"""
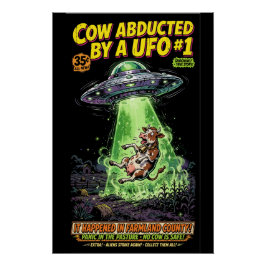 Póster Cow Abducted by a UFO #1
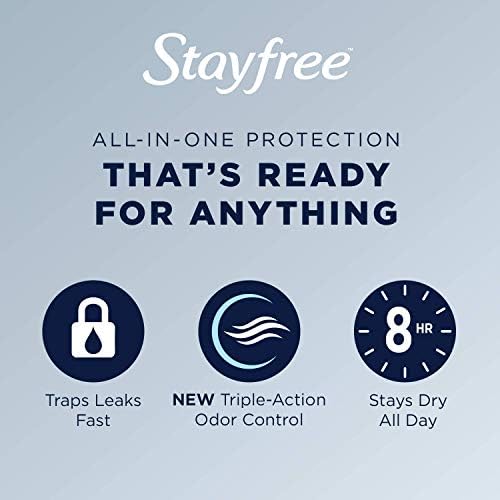 Stayfree Maxi Super Pads Wingless, Period and Leaks, 66 ct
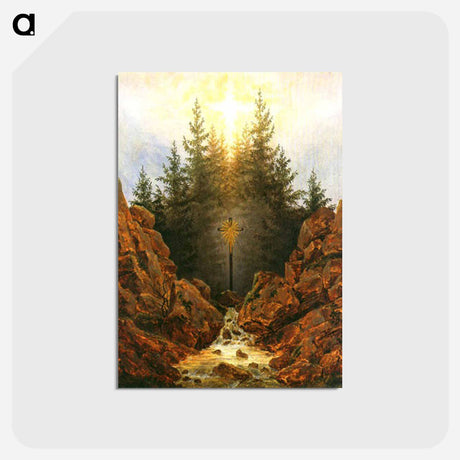 アートポストカード-Cross in the forrest - カスパー ダーヴィト フリードリヒ Postcard.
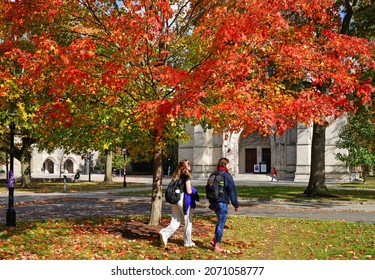 PRINCETON, NJ -31 OCT 2021- Colorful Autumn Foliage On The Campus Of Princeton University, In New Jersey, United States.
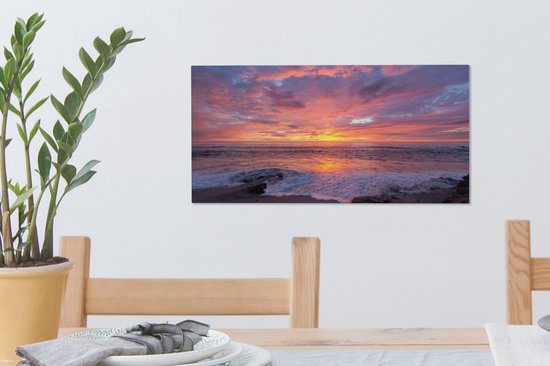 Toile Peinture Plage - Mer - Coucher de Soleil - 40x20 cm - Décoration murale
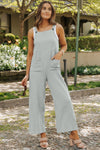 Hazel Blues® |  Gray Textured Wide Leg Overall with Pockets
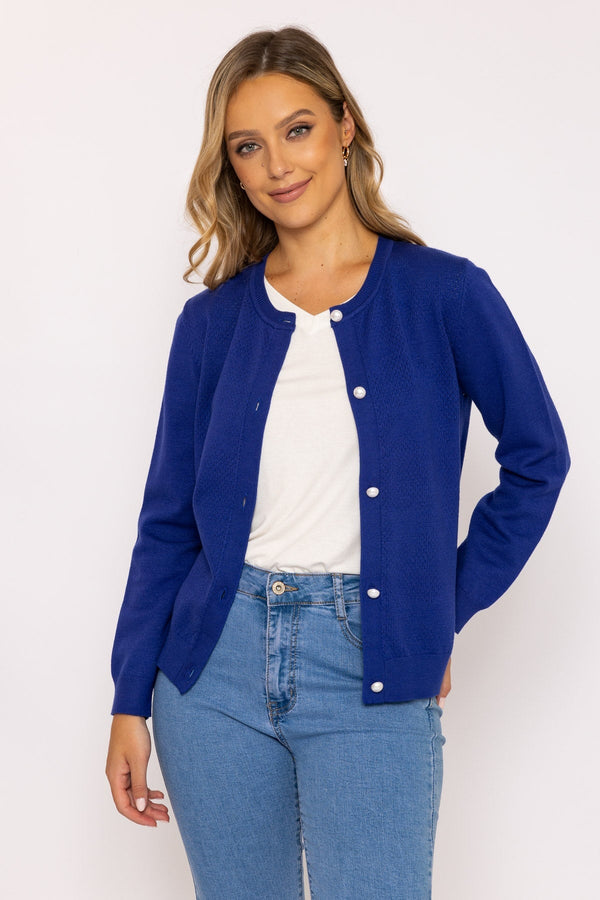 Carraig Donn Heart Cardigan in Navy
"""
● **Aim of the exercise**:
All lines above are to be restated word for word, with pictures excluded.

● **Written answer**:
 Póster Cow Abducted by a UFO #1
 Stayfree Maxi Super Pads Wingless, Period and Leaks, 66 ct
 アートポストカード-Cross in the forrest - カスパー ダーヴィト フリードリヒ Postcard.
 PRINCETON, NJ -31 OCT 2021- Colorful Autumn Foliage On The Campus Of Princeton University, In New Jersey, United States.
 Toile Peinture Plage - Mer - Coucher de Soleil - 40x20 cm - Décoration murale
 Hazel Blues® |  Gray Textured Wide Leg Overall with Pockets
 Carraig Donn Heart Cardigan in Navy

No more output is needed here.